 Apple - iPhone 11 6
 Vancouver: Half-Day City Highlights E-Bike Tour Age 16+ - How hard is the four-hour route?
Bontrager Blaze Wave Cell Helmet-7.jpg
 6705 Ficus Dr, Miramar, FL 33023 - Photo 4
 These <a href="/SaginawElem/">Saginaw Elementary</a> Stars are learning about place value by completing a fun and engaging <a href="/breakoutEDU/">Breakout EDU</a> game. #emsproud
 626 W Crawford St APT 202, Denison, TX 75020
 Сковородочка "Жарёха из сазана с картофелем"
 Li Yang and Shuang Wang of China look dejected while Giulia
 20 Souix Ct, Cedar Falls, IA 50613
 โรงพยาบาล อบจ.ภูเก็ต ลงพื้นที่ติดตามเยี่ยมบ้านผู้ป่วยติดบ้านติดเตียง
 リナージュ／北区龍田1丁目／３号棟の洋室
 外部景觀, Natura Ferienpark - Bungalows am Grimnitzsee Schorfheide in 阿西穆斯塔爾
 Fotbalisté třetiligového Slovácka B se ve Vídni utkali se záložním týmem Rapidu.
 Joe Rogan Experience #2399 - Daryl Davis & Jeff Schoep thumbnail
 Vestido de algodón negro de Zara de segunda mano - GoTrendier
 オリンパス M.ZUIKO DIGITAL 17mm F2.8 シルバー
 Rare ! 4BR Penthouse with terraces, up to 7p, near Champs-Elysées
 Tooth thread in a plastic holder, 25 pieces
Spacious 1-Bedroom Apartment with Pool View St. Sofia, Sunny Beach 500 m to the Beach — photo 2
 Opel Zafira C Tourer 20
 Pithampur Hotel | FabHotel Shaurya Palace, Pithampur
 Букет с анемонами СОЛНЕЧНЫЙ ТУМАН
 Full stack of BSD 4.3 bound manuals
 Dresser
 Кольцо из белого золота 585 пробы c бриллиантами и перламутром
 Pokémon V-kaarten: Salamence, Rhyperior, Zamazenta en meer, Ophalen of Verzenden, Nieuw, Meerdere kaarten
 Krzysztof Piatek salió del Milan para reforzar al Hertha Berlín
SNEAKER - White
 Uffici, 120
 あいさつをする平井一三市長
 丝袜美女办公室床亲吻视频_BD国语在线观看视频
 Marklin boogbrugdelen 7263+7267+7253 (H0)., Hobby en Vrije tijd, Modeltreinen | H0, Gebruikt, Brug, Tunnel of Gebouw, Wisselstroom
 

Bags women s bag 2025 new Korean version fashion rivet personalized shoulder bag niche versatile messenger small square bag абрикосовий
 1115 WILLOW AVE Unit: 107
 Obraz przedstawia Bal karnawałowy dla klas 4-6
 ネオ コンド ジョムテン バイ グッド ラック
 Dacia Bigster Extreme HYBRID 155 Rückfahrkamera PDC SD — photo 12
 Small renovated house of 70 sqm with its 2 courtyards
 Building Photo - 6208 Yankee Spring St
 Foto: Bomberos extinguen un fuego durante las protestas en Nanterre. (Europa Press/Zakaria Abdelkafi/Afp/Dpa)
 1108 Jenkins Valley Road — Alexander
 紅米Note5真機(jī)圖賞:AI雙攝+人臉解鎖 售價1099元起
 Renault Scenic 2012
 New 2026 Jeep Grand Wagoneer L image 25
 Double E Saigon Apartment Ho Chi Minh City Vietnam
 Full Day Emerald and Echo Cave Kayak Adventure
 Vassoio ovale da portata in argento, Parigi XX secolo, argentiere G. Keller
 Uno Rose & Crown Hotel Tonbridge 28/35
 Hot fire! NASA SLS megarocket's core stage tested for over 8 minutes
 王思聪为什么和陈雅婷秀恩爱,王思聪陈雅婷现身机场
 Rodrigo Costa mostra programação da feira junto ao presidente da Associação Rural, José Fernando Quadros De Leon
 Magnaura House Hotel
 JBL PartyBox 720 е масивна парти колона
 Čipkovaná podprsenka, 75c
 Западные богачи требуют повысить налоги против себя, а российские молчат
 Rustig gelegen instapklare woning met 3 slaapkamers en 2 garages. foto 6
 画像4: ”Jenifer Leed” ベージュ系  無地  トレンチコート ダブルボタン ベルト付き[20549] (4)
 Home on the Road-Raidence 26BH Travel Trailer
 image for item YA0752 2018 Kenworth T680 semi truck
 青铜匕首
━━━━━━━━━━
§ **Aim of the task**
Repeat exactly the lines of the listing above, from the one with "王思聪为什么和陈雅婷秀恩爱,王思聪陈雅婷现身机场" down to the one with "Čipkovaná podprsenka, 75c"; both of those lines belong in the range.

§ **Reply to the task**
 王思聪为什么和陈雅婷秀恩爱,王思聪陈雅婷现身机场
 Rodrigo Costa mostra programação da feira junto ao presidente da Associação Rural, José Fernando Quadros De Leon
 Magnaura House Hotel
 JBL PartyBox 720 е масивна парти колона
 Čipkovaná podprsenka, 75c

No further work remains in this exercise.